In this week’s edition of Forefront, a publication of the Federal Reserve Bank of Cleveland, economists Mark Schweitzer, Ann Marie Wiersch and Joset Wright-Lacy assessed the “State of Small Business” and ask, “Why, if so much has improved in recent year relating to small business, are there fewer startup firms, comparatively?”
Since the end of Great Recession, which ran from December 2007 until June 2009, the number of small businesses with between one and 49 employees have added 4.098 million net new jobs from 2010 through last December to the U.S. workforce, says the Bureau of Labor Statistics.
The number of firms that employ 50 to 249 added 2.932 million between 2010 and 2015 and those with 250 to 500 employees 6.086 million.
However, firms with one to 49 workers have ebbed and flowed in the number they employ as have those that employ 50 to 249. Only small businesses that employ 250 to 500 have seen steady upward growth and that category fell for the first time in 2015.
In 2010, small businesses that employ one to 49 netted an additional 158,000 employees, 600,000 in 2011, 799,000 in 2012 but only 785,000 in 2013. That figure rose to 933,000 in 2014 but fell to 823,000 in 2015.
For firms with 50 to 249, the figures were 381,000, 509,000, 523,000, 458,000, 627,000 and 434,000.
And firms with more than 250 employees, the data were 619,000, 917,000, 1.119 million, 1.081 million, 1.267 million and 1.083 million.
Net job gains, Sweitzer emphasizes, involve considerable hiring because to achieve growth, firms must do more than offset reductions in jobs. “The public often neglects to account for the fact that hiring is very different from net employment gains,” he said. “We have very large hiring and very large reductions going on all of the time.”
As for new companies entering the market, “The rate of new firms has recovered from the bottom of the recession,” the article reports, “but there is still a lower level of firms opened in recent years.” As one would expect, at the outset of the Great Recession, the number of small businesses that shut down surpassed the number of businesses that opened.

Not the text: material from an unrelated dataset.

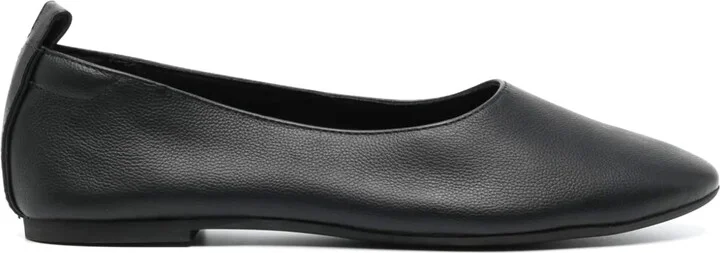 Daphne IV leather ballerina shoes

The number that opened did not surpass the number that shut down until 2011 and the number that closed in 2013, just above 400,000, was nearly equal to those that opened.
“Startups contribute to fluidity for the U.S. economy in which people move in and out of jobs, and that fluidity has been viewed as benefiting productivity and growth,” Sweitzer said. “So whether the overall economy is becoming less dynamic because there are fewer startups in very important.”
In 1977, some 575,000 small businesses opened and 350,000 closed their doors. By 2006, the number of startup returned to nearly 575,000 but the number closing hit a pre-recession high of 450,000.
The outstanding commercial and industrial loans banks have extended to small businesses has increased since 2013 but remains 2% below 2008 levels, the Federal Deposit Insurance Corp. reports, loans here defined as $1 million or less.
Some bankers told the Cleveland Fed that they’ve relaxed their commercial lending standards, Wiersch reports, noting, “Small businesses are more creditworthy in the last several years. Businesses are getting stronger. There’s more demand for credit.”
Bank and other commercial lenders have not fully met this demand, Sweitzer said, “and there’s room to question whether the financial recovery in lending has ben enough to support new startups. There are still startups that complain about their funding.”